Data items
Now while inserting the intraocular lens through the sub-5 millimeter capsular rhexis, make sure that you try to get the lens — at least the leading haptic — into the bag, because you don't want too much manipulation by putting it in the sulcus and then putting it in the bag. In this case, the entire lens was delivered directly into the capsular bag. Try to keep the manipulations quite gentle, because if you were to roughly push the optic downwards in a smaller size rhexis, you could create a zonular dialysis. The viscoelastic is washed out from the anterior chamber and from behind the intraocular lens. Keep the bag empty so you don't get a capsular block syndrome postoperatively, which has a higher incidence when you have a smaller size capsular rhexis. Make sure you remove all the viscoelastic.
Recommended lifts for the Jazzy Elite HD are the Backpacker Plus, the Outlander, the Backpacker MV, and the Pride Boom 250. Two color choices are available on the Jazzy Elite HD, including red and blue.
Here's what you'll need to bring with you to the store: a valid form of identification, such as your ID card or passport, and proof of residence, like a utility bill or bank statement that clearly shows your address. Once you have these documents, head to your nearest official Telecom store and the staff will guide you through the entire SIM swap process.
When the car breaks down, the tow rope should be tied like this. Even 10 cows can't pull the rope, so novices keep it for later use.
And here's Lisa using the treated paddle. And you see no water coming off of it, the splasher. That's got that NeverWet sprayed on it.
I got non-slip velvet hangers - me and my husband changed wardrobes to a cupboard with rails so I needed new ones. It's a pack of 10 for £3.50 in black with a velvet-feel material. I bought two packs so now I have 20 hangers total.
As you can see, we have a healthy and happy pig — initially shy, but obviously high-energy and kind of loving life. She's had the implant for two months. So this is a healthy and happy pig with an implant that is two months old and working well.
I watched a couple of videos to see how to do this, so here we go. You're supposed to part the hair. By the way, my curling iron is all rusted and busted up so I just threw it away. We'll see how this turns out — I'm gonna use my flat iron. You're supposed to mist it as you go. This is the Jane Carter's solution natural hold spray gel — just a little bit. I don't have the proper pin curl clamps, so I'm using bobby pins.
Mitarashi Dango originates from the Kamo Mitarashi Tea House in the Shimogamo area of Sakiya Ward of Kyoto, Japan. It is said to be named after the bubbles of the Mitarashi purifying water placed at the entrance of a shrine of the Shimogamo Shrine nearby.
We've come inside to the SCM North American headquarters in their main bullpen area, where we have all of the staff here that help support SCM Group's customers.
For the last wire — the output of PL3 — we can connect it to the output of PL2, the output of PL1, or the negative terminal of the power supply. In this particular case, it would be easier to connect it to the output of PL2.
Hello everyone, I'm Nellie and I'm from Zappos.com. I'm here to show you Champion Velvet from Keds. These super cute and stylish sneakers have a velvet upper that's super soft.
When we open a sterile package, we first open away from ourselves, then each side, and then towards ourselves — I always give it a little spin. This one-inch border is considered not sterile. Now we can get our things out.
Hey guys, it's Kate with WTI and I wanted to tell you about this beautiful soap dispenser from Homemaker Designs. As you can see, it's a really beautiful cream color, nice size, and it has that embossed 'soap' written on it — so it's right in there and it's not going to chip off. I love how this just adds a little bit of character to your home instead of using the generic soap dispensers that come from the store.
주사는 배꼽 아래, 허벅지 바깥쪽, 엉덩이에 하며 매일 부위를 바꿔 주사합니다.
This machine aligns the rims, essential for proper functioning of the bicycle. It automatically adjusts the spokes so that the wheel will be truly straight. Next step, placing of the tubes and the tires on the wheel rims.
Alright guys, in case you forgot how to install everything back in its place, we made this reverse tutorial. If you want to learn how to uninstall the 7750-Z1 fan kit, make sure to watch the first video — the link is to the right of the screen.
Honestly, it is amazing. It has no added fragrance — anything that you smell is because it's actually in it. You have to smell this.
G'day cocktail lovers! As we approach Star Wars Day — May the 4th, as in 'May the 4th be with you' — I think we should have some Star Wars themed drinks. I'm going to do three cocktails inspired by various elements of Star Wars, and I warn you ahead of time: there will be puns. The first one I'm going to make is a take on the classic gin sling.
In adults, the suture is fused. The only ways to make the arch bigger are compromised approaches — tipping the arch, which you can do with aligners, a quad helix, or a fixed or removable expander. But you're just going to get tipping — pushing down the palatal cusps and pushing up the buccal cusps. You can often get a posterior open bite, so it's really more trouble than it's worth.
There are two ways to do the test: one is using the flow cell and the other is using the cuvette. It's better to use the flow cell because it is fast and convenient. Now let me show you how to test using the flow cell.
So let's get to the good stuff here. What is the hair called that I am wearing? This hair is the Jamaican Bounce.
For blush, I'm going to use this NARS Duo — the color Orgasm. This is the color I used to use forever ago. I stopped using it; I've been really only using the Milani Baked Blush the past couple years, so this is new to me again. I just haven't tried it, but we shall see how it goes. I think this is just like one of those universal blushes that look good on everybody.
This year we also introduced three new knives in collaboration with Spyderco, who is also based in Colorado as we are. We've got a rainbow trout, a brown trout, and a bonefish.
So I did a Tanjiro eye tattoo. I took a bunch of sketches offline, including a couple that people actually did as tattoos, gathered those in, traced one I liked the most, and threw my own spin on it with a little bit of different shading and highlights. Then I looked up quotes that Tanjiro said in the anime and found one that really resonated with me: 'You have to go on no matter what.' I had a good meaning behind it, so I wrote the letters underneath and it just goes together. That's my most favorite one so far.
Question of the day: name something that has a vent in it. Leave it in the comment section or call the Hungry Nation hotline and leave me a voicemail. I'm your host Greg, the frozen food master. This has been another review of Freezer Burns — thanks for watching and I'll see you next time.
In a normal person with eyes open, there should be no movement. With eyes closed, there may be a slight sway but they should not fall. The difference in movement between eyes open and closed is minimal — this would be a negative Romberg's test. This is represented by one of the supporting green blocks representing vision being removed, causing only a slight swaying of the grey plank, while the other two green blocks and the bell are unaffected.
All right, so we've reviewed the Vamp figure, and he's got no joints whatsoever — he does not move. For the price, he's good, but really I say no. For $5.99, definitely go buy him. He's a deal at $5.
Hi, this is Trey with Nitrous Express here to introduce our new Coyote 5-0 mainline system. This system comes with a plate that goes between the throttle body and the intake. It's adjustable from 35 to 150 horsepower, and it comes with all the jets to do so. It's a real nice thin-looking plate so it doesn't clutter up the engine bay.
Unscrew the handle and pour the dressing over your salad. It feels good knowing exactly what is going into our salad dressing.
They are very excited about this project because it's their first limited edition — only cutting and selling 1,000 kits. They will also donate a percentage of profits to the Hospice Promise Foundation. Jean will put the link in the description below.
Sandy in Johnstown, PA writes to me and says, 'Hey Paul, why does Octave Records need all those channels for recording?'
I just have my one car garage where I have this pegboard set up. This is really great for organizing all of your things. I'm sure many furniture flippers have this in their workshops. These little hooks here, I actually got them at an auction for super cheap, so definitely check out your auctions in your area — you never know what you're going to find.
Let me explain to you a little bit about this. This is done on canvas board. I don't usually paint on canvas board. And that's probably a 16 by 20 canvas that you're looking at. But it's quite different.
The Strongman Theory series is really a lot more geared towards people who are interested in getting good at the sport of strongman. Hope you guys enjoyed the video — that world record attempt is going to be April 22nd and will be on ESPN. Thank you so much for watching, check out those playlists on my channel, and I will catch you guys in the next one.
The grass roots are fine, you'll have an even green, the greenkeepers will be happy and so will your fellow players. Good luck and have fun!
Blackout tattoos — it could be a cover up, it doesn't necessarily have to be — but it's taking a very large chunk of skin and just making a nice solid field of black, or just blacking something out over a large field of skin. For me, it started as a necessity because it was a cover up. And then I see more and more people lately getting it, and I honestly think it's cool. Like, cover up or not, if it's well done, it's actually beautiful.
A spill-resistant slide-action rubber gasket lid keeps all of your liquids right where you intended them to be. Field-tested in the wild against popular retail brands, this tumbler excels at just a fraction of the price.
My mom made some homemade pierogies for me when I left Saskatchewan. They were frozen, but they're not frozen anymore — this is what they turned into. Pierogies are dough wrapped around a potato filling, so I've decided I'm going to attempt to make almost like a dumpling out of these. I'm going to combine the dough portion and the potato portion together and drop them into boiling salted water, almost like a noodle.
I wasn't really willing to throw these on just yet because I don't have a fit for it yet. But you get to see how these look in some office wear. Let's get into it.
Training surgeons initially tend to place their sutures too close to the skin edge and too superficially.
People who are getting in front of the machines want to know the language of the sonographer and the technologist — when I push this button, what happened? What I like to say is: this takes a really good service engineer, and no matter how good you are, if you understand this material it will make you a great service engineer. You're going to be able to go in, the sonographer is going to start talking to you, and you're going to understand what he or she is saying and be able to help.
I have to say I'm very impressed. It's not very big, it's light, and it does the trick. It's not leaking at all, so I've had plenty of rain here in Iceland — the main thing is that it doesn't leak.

◆ **Brief**:
Reproduce each line of the records in which the string "things" appears.

◆ **The completed task**:
When we open a sterile package, we first open away from ourselves, then each side, and then towards ourselves — I always give it a little spin. This one-inch border is considered not sterile. Now we can get our things out.
I just have my one car garage where I have this pegboard set up. This is really great for organizing all of your things. I'm sure many furniture flippers have this in their workshops. These little hooks here, I actually got them at an auction for super cheap, so definitely check out your auctions in your area — you never know what you're going to find.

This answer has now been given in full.